What you are asked to do
Your job is to print, exactly, the lines in the data below from the line with "鉴锋：私域打法实战总结，运营人应该如何转型私域？（上）" through the line with "云顶之羿神射手阵容(云顶之弈阵容推荐神射手)", both included, and to omit any picture.

Supplied material
⁂

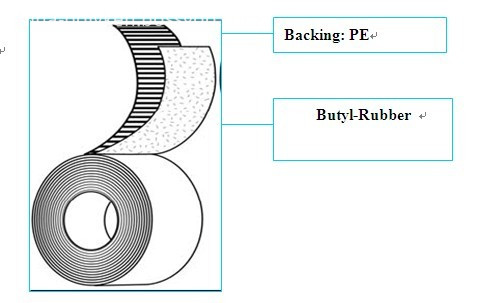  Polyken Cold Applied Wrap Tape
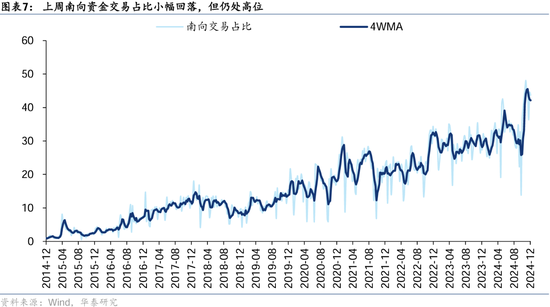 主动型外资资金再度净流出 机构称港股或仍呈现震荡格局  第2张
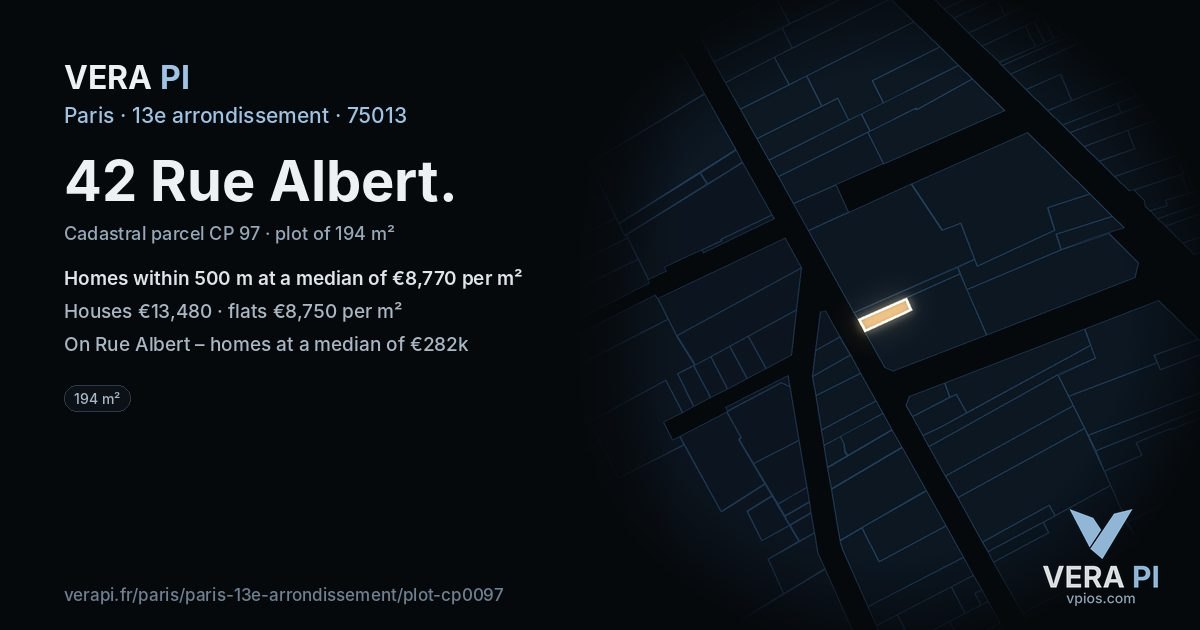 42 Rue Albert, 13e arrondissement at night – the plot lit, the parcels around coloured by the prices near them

⁂

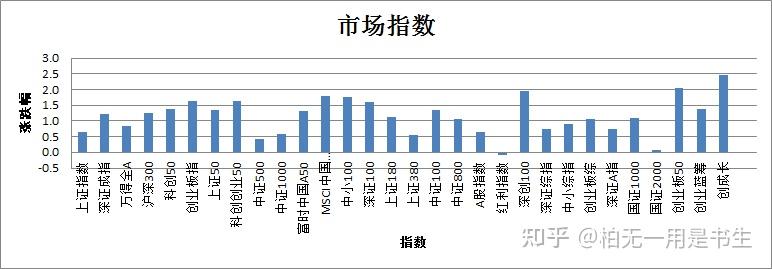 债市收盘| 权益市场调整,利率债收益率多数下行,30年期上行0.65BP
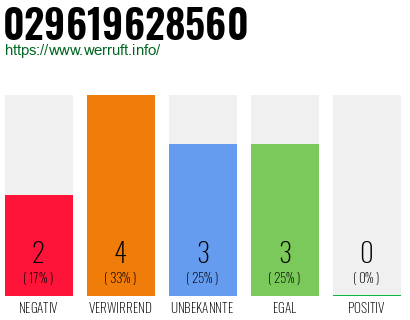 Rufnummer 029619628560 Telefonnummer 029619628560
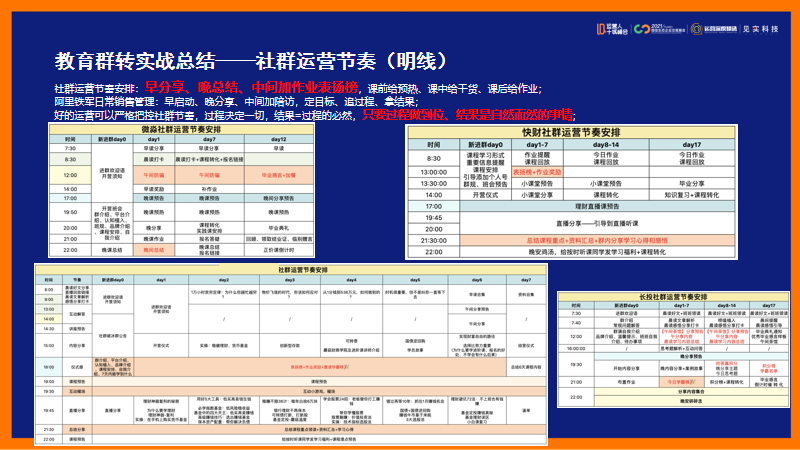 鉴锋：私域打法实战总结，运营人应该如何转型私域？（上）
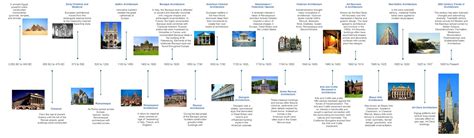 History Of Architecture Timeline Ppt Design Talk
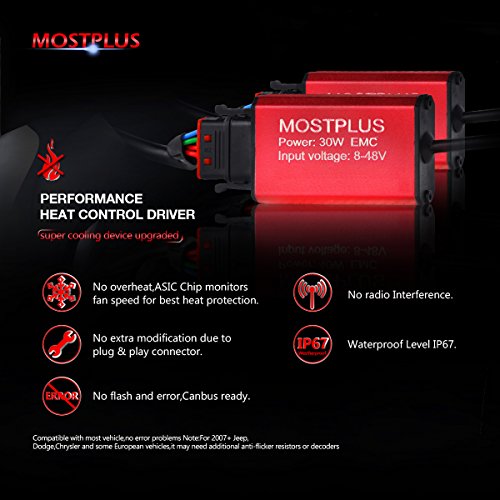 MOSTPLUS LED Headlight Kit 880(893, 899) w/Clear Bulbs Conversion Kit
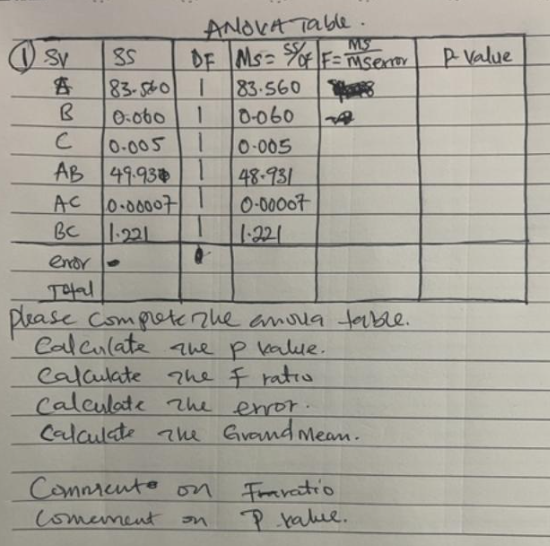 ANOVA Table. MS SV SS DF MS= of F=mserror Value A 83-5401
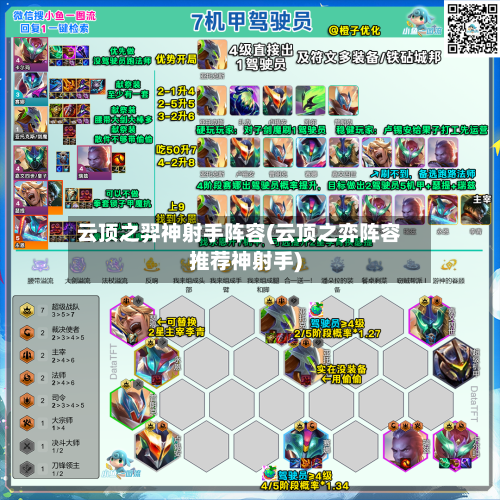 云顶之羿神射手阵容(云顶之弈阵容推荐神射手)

⁂

Solution below
 鉴锋：私域打法实战总结，运营人应该如何转型私域？（上）
 History Of Architecture Timeline Ppt Design Talk
 MOSTPLUS LED Headlight Kit 880(893, 899) w/Clear Bulbs Conversion Kit
 ANOVA Table. MS SV SS DF MS= of F=mserror Value A 83-5401
 云顶之羿神射手阵容(云顶之弈阵容推荐神射手)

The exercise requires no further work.